■ WHAT IS NEEDED ■
Copy out the data below from the line containing "As always, if" to the line containing "Let's go to", both lines included, with all images left out.
== Segment start ==
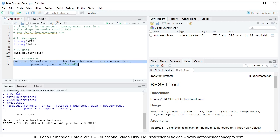model has correct functional form when including square fitted values in Ramsey reset test. As mentioned previously, notice that tests can include cubic and more fitted values powers, which would depend on your specific needs.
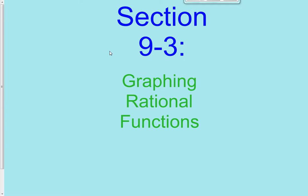Hi class, and welcome to another lesson. We're graphing rational functions in this lesson. It's section 9-3.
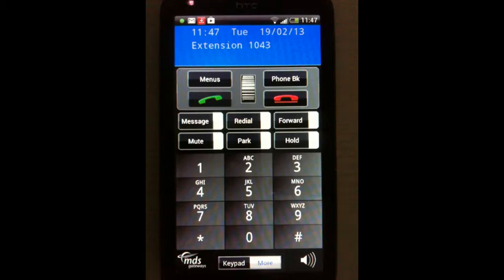Using the Opera Phone app on your Android is easy. All of the rich features of the Opera Executive IP desk phone are now available to you on your smartphone.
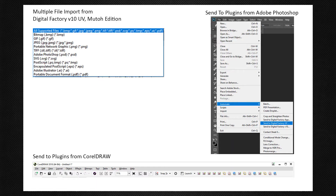The program offers virtually unlimited file format support on import and also includes Send2 plugins for Corel, Illustrator, and Photoshop, as well as an industrial-strength PDF interpreter.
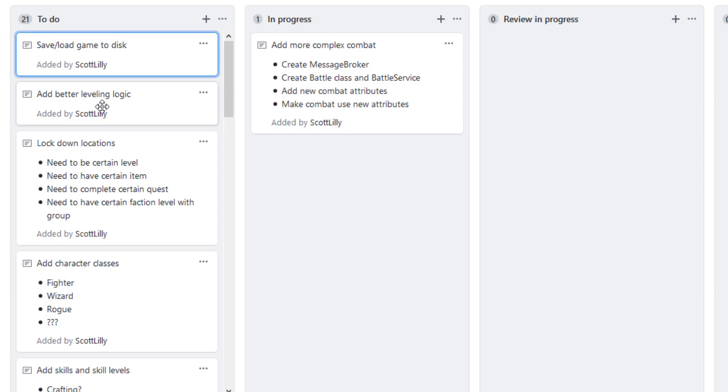As always, if you're watching the video on YouTube, there'll be links in the description to the support page where you can get the source code, and to the Discord channel, and to the GitHub repository if you just want to view the changes there or get the code there. If you have any questions, please leave it below the video or on the support page, and I'll get back to you as soon as possible.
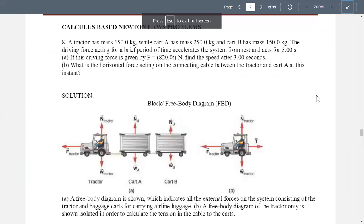Good morning. Today we're going to tackle calculus-based Newton's laws of motion problems. But before our discussion, kindly hit the like button and subscribe to my YouTube channel. Let's proceed.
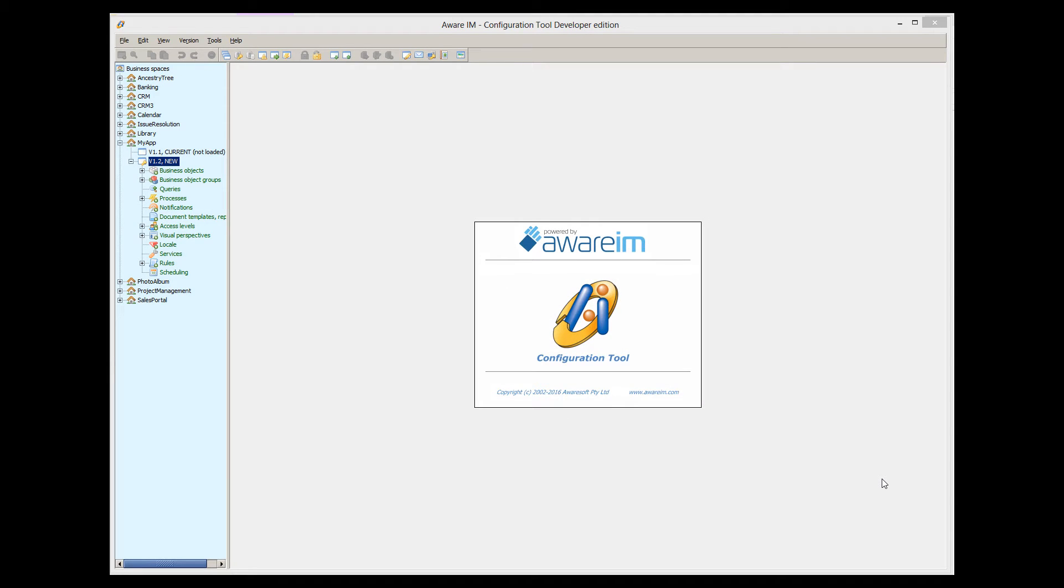With this approach, you can configure new business objects managed automatically by Aware.i.am, but also have business objects that will be shared between Aware.i.am and other software systems or network servers that already use the data.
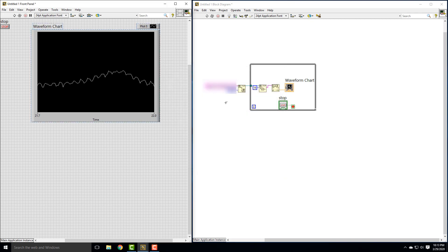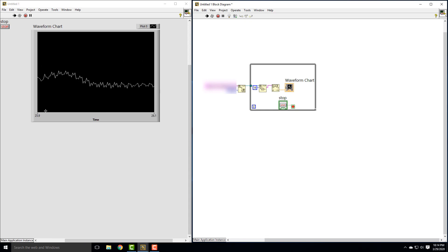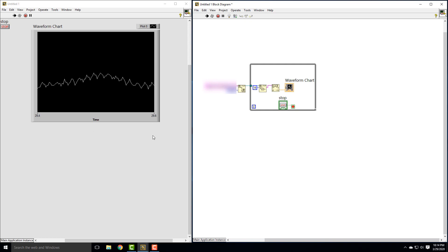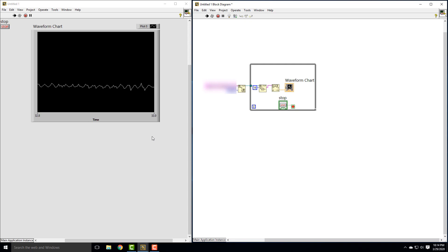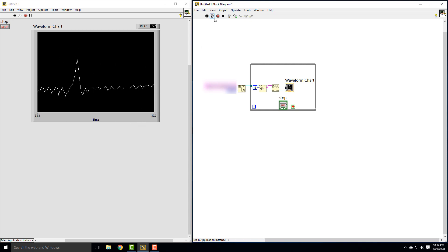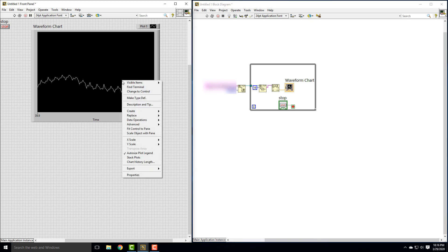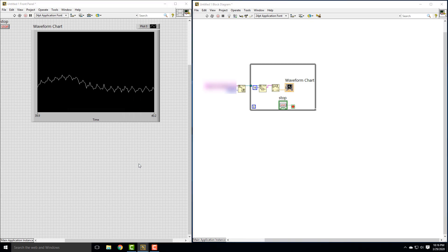Let's go ahead and run this again. Now it looks more reasonable — we can start to see this ECG pattern flying by. It has a lot of noise because the data I collected was just with an instrumentation amplifier with no other signal conditioning going on. This is still not looking like a great ECG. So let's say we want to include more points — we can right-click and do chart history length. Right now it's set to 1024 points.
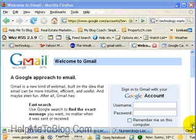Let's go to Gmail. If you haven't got a Gmail account, register for one. It's free, and then sign in.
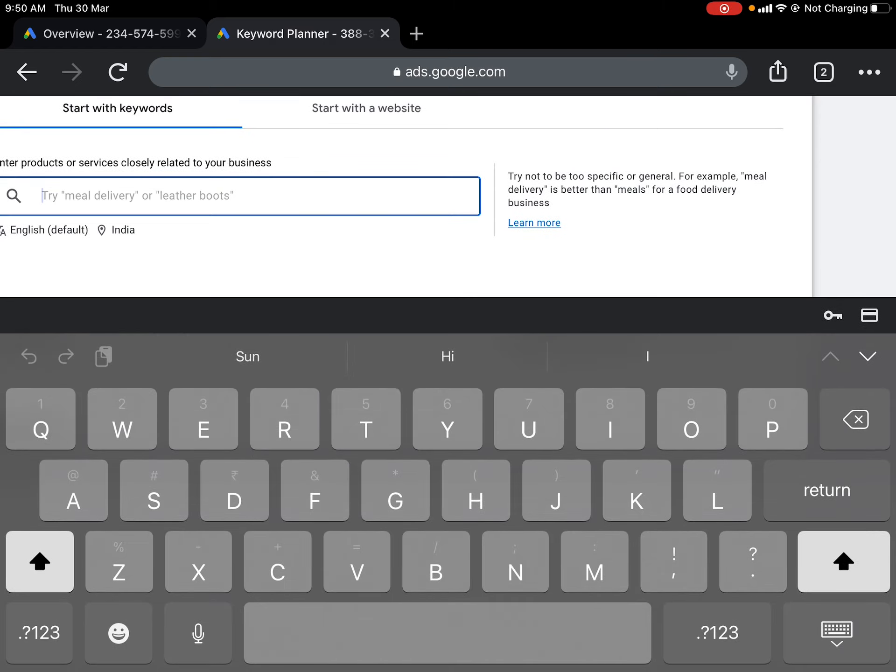Let's type 'electric charger manufacturing.' By default, the geography is set to India and the language is set to English. You can add more keywords if needed, and you can change the geography by clicking on it — for example, selecting USA. You can also target a specific city like Pune. Let's find out how many searches are happening for electric vehicle charging manufacturing companies in Pune.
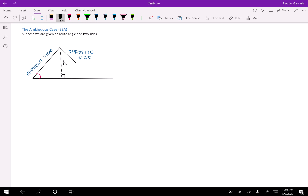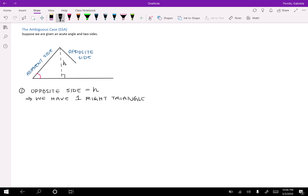The first possibility is that the opposite side is equal to h. If this happens, we have exactly one right triangle.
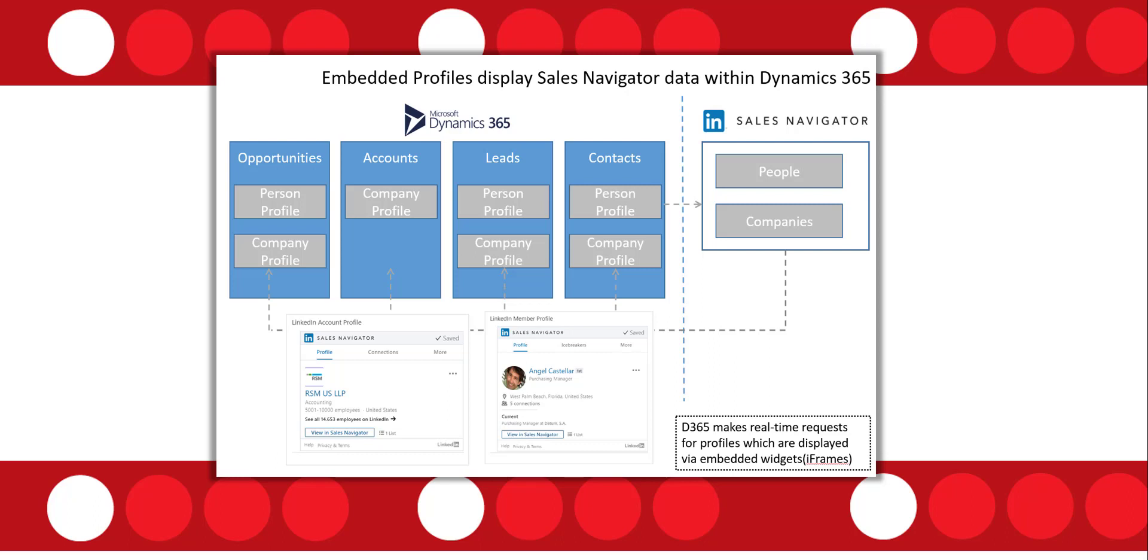Now there are some other LinkedIn records that can be synchronized in Dynamics 365 which I'll talk about a little bit later as well. It's actually on my next slide.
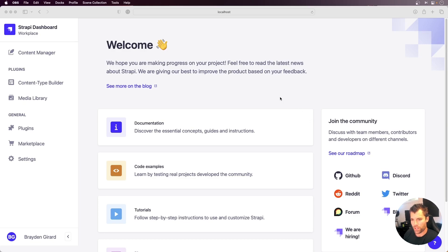Hello everyone, my name is Brayden Gerard, and today I'm going to be talking about token authorization in Strapi.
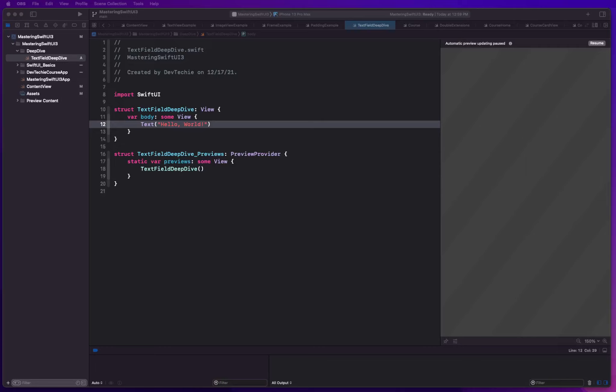Hello and welcome. In this section, we're going to be focusing on text field. We're going to be taking a deep dive into text field and what it can do within the realm of SwiftUI.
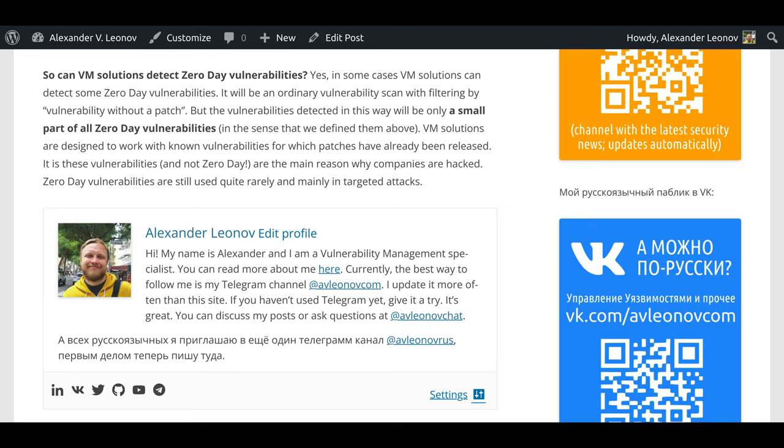VM solutions are designed to work with known vulnerabilities for which patches have already been released. It is these vulnerabilities, and not zero-day, that are the main reason why companies are hacked. Zero-day vulnerabilities are still used quite rarely and mainly in targeted attacks.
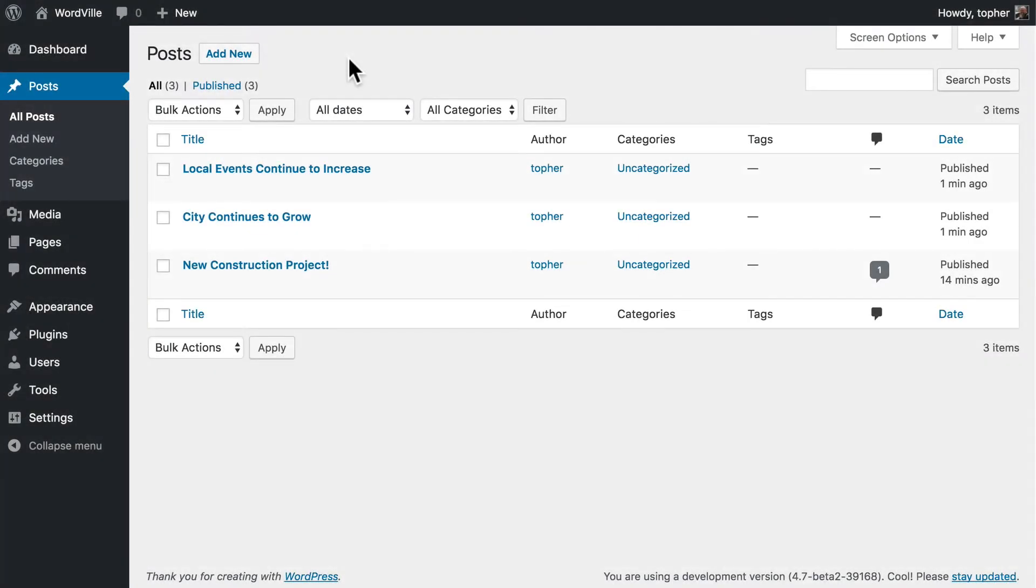In this video, we're mostly going to take a look at how your posts look on the front of your website. But before we get there, I want to show you a little bit more about the admin area.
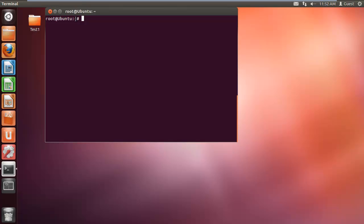First, let's move to the desktop and list the contents by using the ls command. Here you can see that there is one folder placed on the desktop, named test1.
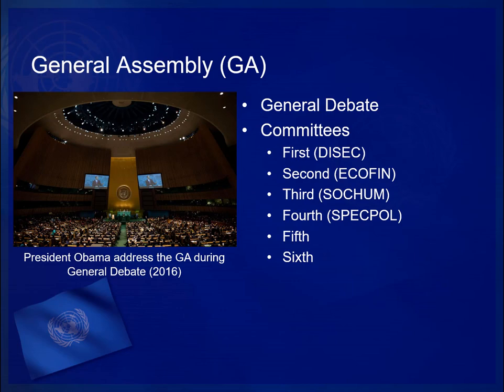The First Committee is formally titled the Disarmament and International Security Committee, or DISEC, charged with addressing issues of peace and disarmament not currently under consideration by the Security Council. The Second Committee, ECOFIN, deals with economic questions, macroeconomic policy, financing for development, sustainable development, human settlements, eradication of poverty, and use of technology for development. The Third Committee, SOCOM, deals with human rights and humanitarian affairs, including the advancement of women, protection of children, rights of indigenous communities, treatment of refugees, and protection of fundamental freedoms.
== Segment end ==
■ RESPONSE BELOW ■
As always, if you're watching the video on YouTube, there'll be links in the description to the support page where you can get the source code, and to the Discord channel, and to the GitHub repository if you just want to view the changes there or get the code there. If you have any questions, please leave it below the video or on the support page, and I'll get back to you as soon as possible.
Good morning. Today we're going to tackle calculus-based Newton's laws of motion problems. But before our discussion, kindly hit the like button and subscribe to my YouTube channel. Let's proceed.
With this approach, you can configure new business objects managed automatically by Aware.i.am, but also have business objects that will be shared between Aware.i.am and other software systems or network servers that already use the data.
Let's go ahead and run this again. Now it looks more reasonable — we can start to see this ECG pattern flying by. It has a lot of noise because the data I collected was just with an instrumentation amplifier with no other signal conditioning going on. This is still not looking like a great ECG. So let's say we want to include more points — we can right-click and do chart history length. Right now it's set to 1024 points.
Let's go to Gmail. If you haven't got a Gmail account, register for one. It's free, and then sign in.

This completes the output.